The holy grail of PDF generators, sensible page breaks. Never been done and makes peace in the middle east seem like an easy task.
PrinceXML does a solid job of it, and has for years.
Just use WkhtmlToPdf https://wkhtmltopdf.org and wrap a simple service around it.
That's one hell of a "just".
I did it in 2 days. Its not very hard.
DonnyV don't you know we need 15 million of the same things in technology :)
Wkhtmltopdf has basically not been updated in years aside from minor bug fixes. It has major issues the author has no plans to fix. I've spend 100s of hours applying workarounds to legacy codebases. All that code could be refactored now. Phantomjs and wkhtmltopdf don't even support doing $(.htmlE).width() from JavaScript. This can complicate laying out the page needless to say. https://github.com/wkhtmltopdf/wkhtmltopdf/issues/2419
Why are you doing layout code in javascript? If it can't be done using CSS then your doing something wrong. This is being used to generate PDFs of exact width and height size documents. Hard code the width and height of your page.
wkhtmltopdf is a solid tool but its mostly abandoned now. rendering in chrome headless is way faster and more accurate. chrome headless though is lacking a lot of features that wkhtmltopdf provides like headers/footers
Headers/footers are 2 huge features. Plus all of the other small features wkhtmltopdf has. It may not have all the new bells and whistles but it works reliably.
There's CSS that's supposed to help with doing this manually, right? Or does your docx export handle this auto-magically? (If so, I'm interested in more details!)

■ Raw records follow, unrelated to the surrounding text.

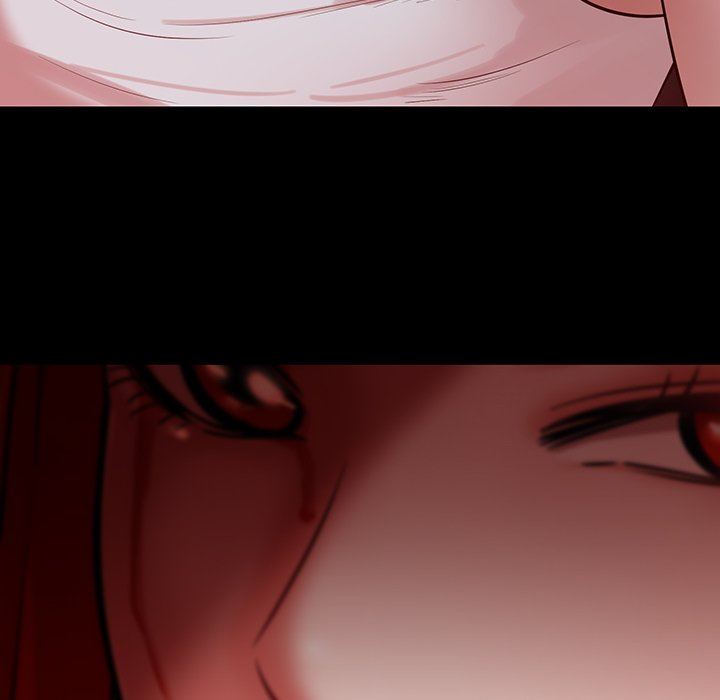 邻居的滋味第44话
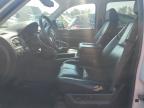 CHEVROLET AVALANCHE photo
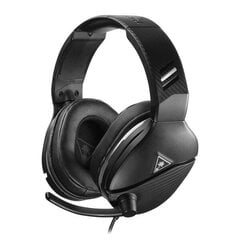 Turtle Beach TBS-3200-02 цена и информация | Наушники | 220.lv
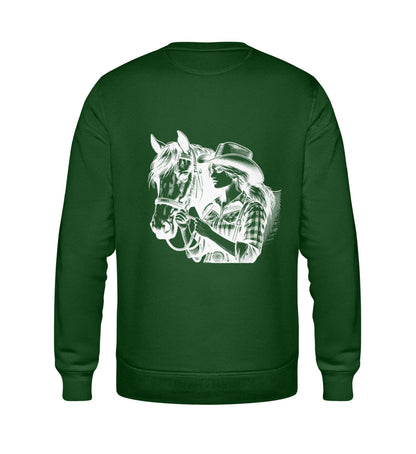 Bottle Green-833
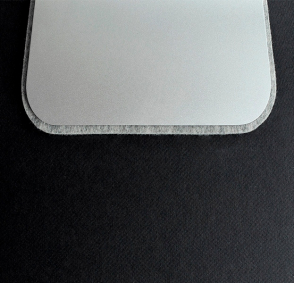 product-item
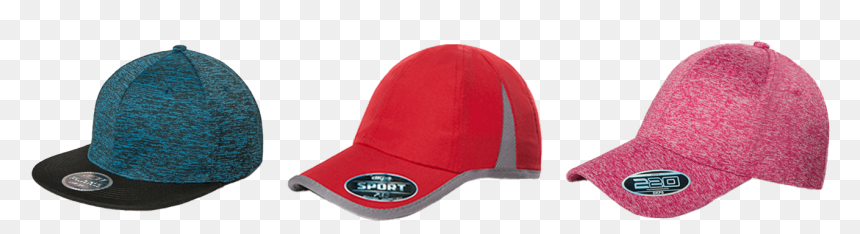 Foto De Gorras Slider - Baseball Cap, HD Png Download - gorras png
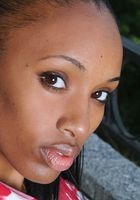 Treetree in black women, Treetree (tre003) ATK Exotics: Treetree (Treetree in black women)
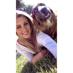 Allie Van Alstine (@allievanalstine) Twitter profile photo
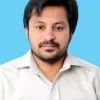 Habib Ahmed
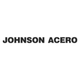 Bacha de cocina Johnson quadra Q084A doble
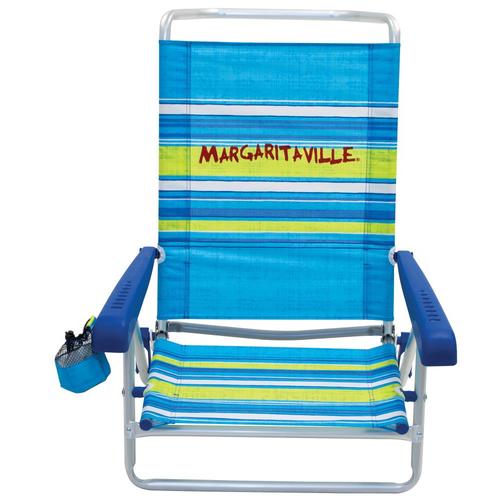 margaritaville camp chair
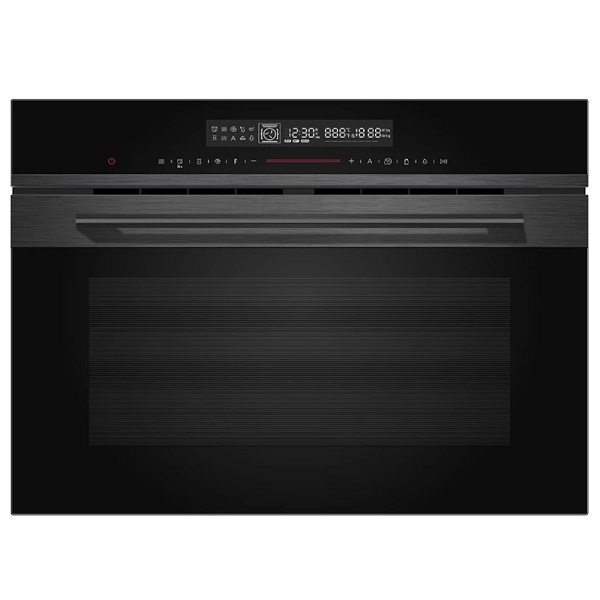 Lò nướng kết hợp vi sóng Hafele HCO-8T50A 538.01.431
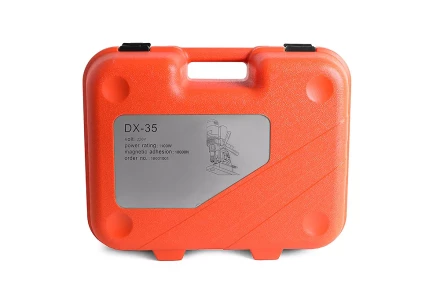 Магнитный сверлильный станок MESSER DX35 купить в Нягани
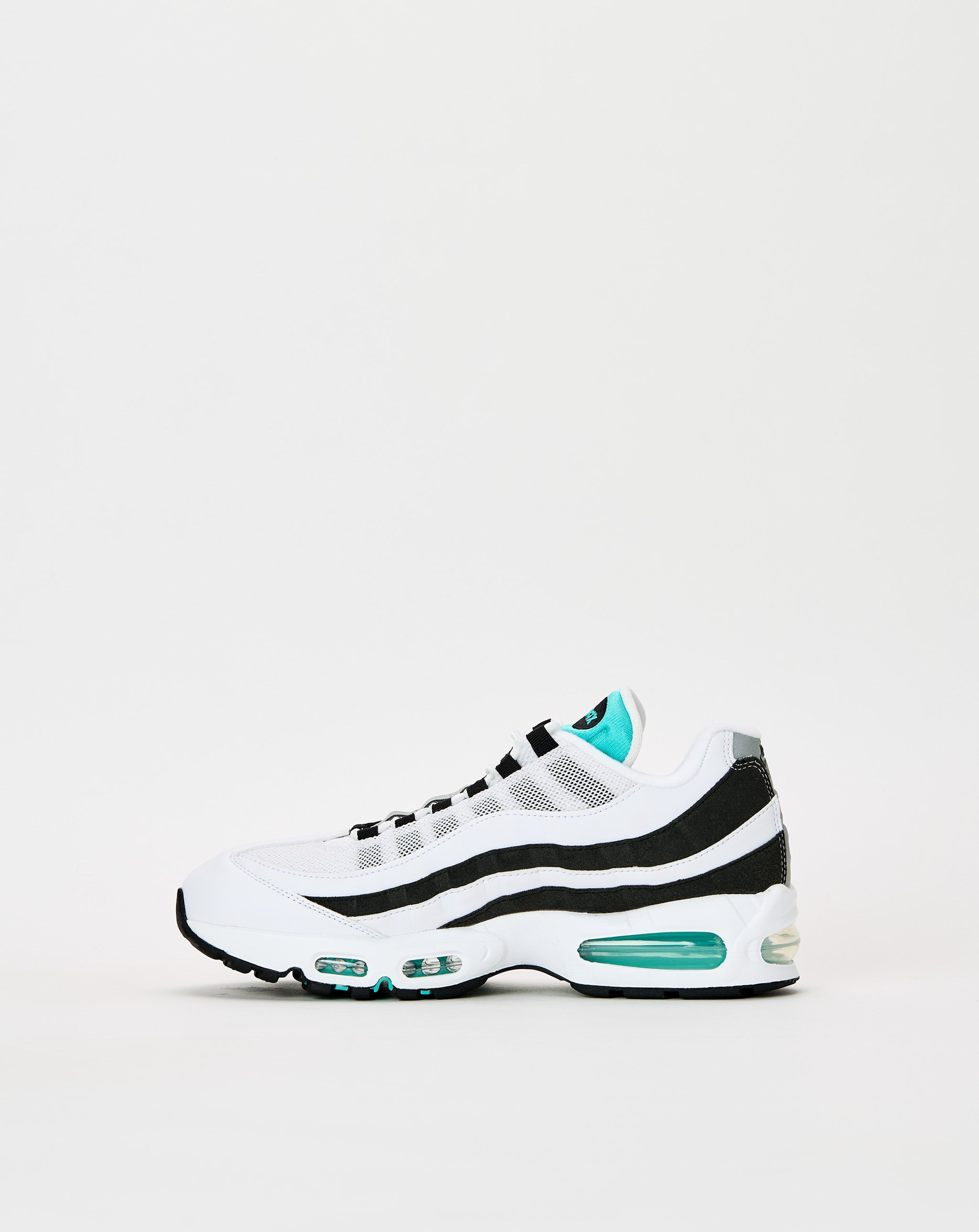 Air Max 95 OG - 4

https://developer.mozilla.org/en-US/docs/Web/CSS/page-break-...

CSS isn't really that flexible though, say you want a repeated header or footer on each page, you are going to have a real hard time getting it to work perfectly. And good luck if you then need to internationalize it and support different document sizes (A4 vs legal). It's not impossible, but it's a lot more work than it should be.

One of the best ways I've used to generate PDFs is by using a DOCX as a template, and replacing certain placeholders within the document (a DOCX is a ZIP containing a few XML files). It's great if you work in a corporate environment, as it's easy for non-technical staff to make it look exactly how they want and it's easy to update (just replace a file and check it works). You can use headless LibreOffice to convert DOCX to PDF.

I was wondering why OP stopped at DOCX without taking it from there to PDF. The suggestion of a template document is a very practical tip; thanks!